→ **Extracted records**
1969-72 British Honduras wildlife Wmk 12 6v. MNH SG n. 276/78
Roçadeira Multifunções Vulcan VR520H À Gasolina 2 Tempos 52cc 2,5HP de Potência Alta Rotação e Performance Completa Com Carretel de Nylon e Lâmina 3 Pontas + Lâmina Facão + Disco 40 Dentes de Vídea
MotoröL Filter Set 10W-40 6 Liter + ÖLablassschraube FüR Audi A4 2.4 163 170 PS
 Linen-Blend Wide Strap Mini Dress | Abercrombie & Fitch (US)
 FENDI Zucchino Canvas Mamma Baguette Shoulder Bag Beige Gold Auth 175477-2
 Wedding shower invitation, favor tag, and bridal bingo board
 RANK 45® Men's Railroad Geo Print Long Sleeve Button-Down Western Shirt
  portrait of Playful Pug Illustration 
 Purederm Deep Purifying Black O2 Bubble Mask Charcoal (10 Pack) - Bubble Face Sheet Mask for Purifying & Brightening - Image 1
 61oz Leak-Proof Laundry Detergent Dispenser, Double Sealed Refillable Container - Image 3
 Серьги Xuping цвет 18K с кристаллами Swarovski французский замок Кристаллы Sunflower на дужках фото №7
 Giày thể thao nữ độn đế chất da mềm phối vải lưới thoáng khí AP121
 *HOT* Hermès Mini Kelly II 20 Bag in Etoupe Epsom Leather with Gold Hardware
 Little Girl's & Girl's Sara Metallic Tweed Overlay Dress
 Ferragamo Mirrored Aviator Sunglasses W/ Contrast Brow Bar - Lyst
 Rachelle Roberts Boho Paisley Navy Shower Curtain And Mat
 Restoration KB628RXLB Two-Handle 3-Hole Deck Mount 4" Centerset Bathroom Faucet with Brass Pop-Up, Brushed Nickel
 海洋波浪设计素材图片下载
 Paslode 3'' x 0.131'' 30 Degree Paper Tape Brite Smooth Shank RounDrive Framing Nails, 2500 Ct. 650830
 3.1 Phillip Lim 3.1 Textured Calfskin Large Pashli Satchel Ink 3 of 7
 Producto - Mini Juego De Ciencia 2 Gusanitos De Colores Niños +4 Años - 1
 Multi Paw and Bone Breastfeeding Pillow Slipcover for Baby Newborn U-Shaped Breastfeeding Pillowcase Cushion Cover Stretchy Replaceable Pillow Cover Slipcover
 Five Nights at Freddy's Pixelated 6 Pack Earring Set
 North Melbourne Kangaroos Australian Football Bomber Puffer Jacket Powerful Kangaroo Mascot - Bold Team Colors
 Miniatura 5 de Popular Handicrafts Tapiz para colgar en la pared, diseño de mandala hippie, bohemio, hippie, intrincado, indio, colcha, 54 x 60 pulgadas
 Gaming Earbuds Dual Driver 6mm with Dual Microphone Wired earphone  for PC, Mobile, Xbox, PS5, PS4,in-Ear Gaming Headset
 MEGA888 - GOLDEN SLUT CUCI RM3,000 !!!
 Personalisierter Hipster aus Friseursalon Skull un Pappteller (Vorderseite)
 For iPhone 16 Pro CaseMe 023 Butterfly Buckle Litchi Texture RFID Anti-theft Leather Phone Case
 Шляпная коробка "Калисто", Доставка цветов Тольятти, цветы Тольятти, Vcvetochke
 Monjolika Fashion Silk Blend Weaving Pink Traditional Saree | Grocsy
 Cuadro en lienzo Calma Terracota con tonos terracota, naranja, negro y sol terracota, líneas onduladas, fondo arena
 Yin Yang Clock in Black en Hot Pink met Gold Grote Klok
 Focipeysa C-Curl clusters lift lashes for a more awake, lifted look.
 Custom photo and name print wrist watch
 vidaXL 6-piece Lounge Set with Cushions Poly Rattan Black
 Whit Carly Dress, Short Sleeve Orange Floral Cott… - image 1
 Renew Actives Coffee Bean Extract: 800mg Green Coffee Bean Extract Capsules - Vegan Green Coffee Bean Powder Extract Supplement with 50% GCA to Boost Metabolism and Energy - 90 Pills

→ **Activity**
Nothing but lines that contain "Black" should appear in the answer. Copy each from the records.

→ **Completed task**
 Purederm Deep Purifying Black O2 Bubble Mask Charcoal (10 Pack) - Bubble Face Sheet Mask for Purifying & Brightening - Image 1
 Yin Yang Clock in Black en Hot Pink met Gold Grote Klok
 vidaXL 6-piece Lounge Set with Cushions Poly Rattan Black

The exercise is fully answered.